How do you use Super CSV??

2011-11-29
2013-10-02
  • James Bassett

    James Bassett - 2011-11-29

    We'd love to know how you're using Super CSV so we can add useful features/functionality!

    Do you use Super CSV on a Production app server, mobile device or something
    else?

    Or are you pushing the boundaries of what's possible with Super CSV (there's
    been recent discussion about multi-threading and FileLocks for example)?

    Any information you can provide will help us make Super CSV even better. For
    example, we're implementing OSGi support for the upcoming release, due to a
    request from a number of users.

     
  • Stephen Chester

    Stephen Chester - 2012-10-15

    I am hoping to use Super CSV as a helper on a pre-production environment to import data from a source that does not provide an API. I am planning on multi-threading my solution, and would love a pointer to any discussion that has already happened around this!

     
  • James Bassett

    James Bassett - 2012-10-15

    Hi Stephen,

    I think the original post was in response to this feature request, which isn't really helpful to you.

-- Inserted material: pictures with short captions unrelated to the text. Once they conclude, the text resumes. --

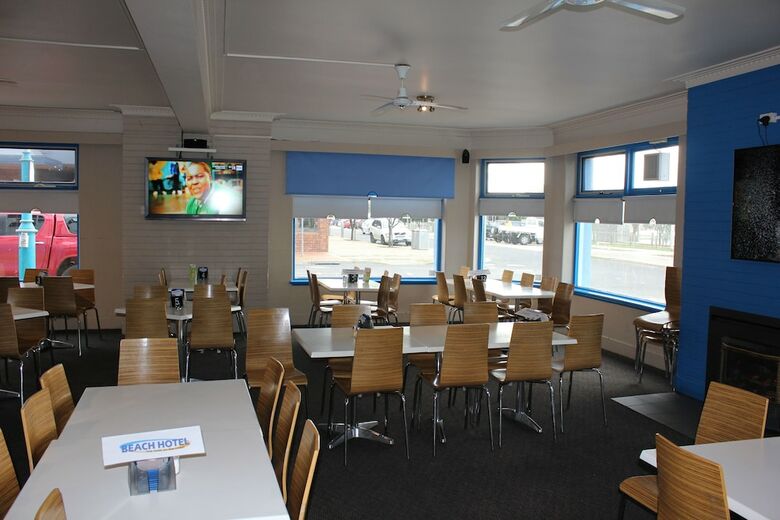 Beach Hotel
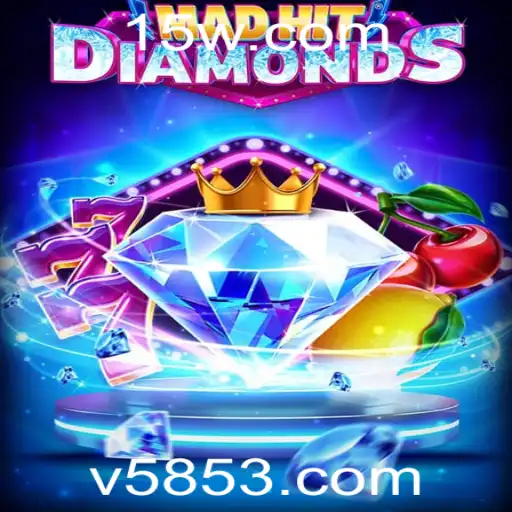 MadHitDiamonds: O Brilhante Mundo da Estratégia e Emoção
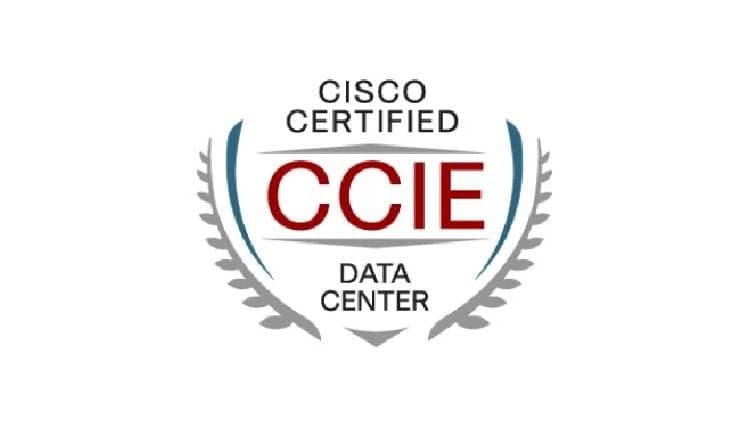 [NEW] CCIE Data Center Certification [2026]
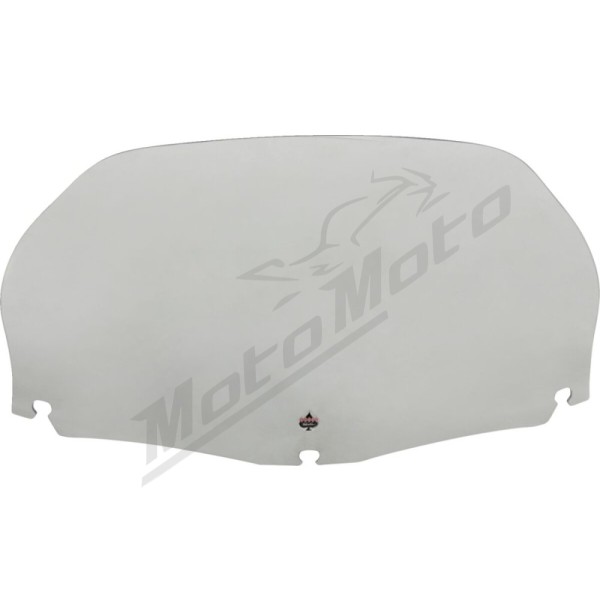KLOCK WERKS Flare™ Windshield HARLEY DAVIDSON FLHTC 1340-1800 96-13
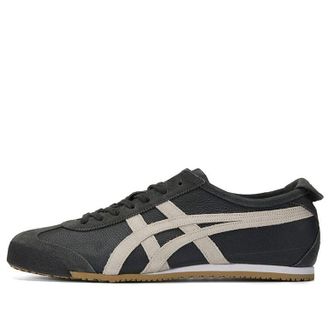 Onitsuka Tiger Mexico 66 Vin Black Brown 1183B391-020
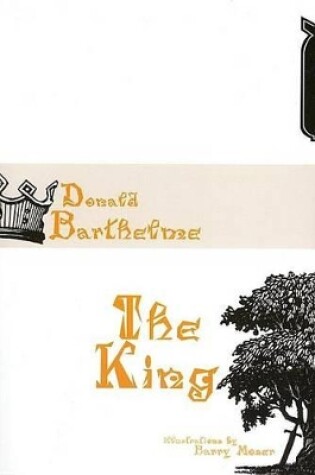 Cover of The King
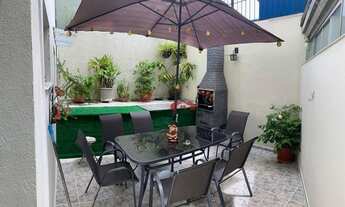 Imagem: Apartamento Garden Impecável a Venda no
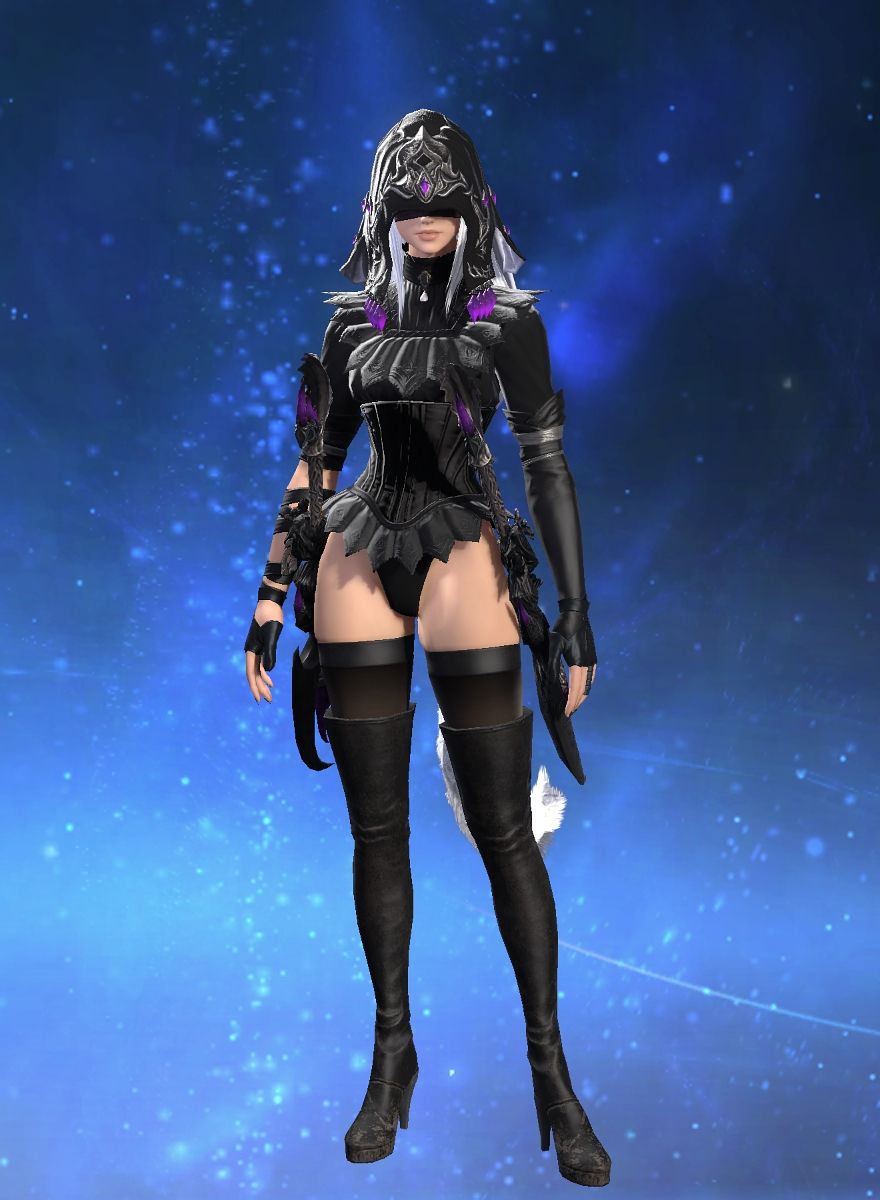 Nytrix Xiv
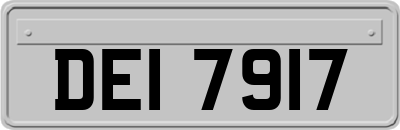 DEI7917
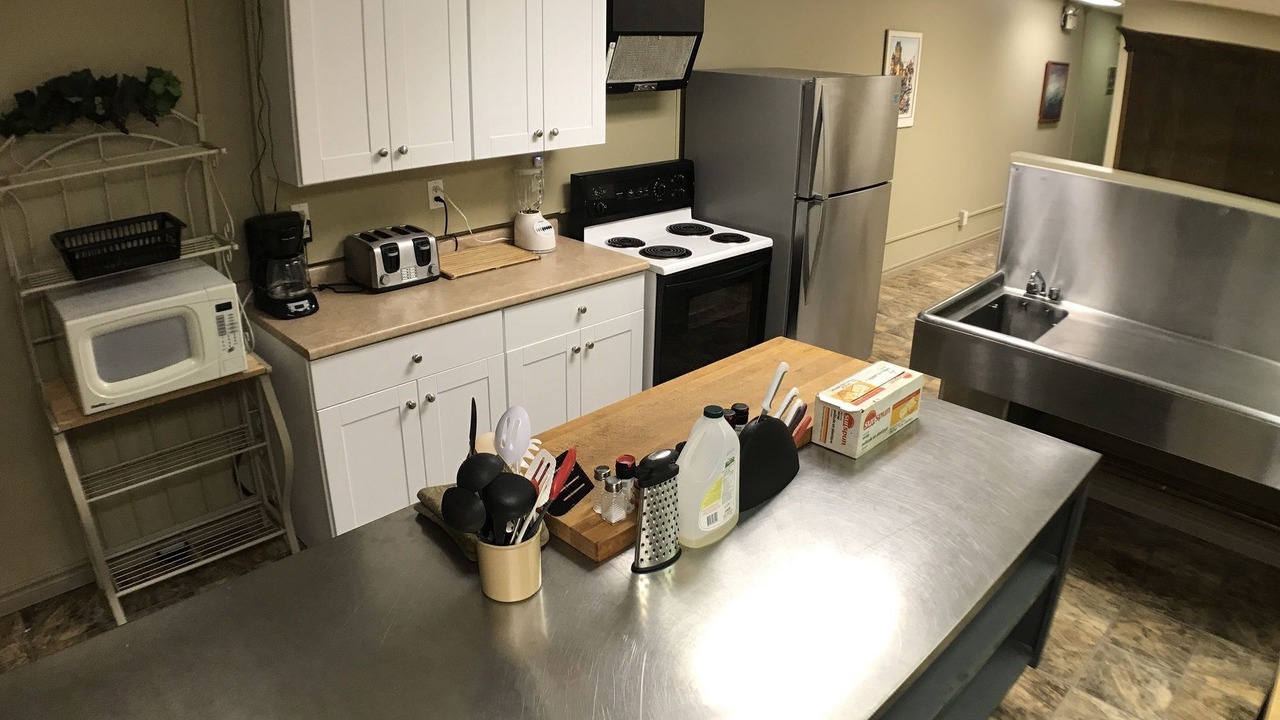 Photo of Kitchen in Timmins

    I'm keen to discuss the best way to use Super CSV with multiple threads - it's an area nobody has really asked too much about, so if we can put together some ideas it will help the next person who comes along.

    Super CSV is not thread-safe. It was written with performance in mind, so it uses instance variables and re-uses objects to increase efficiency. That said, I don't think it's a good idea to read/write CSV from multiple threads anyway (unless you're working with multiple files, then it might make sense - and you'd have to use a separate reader/writer for each file).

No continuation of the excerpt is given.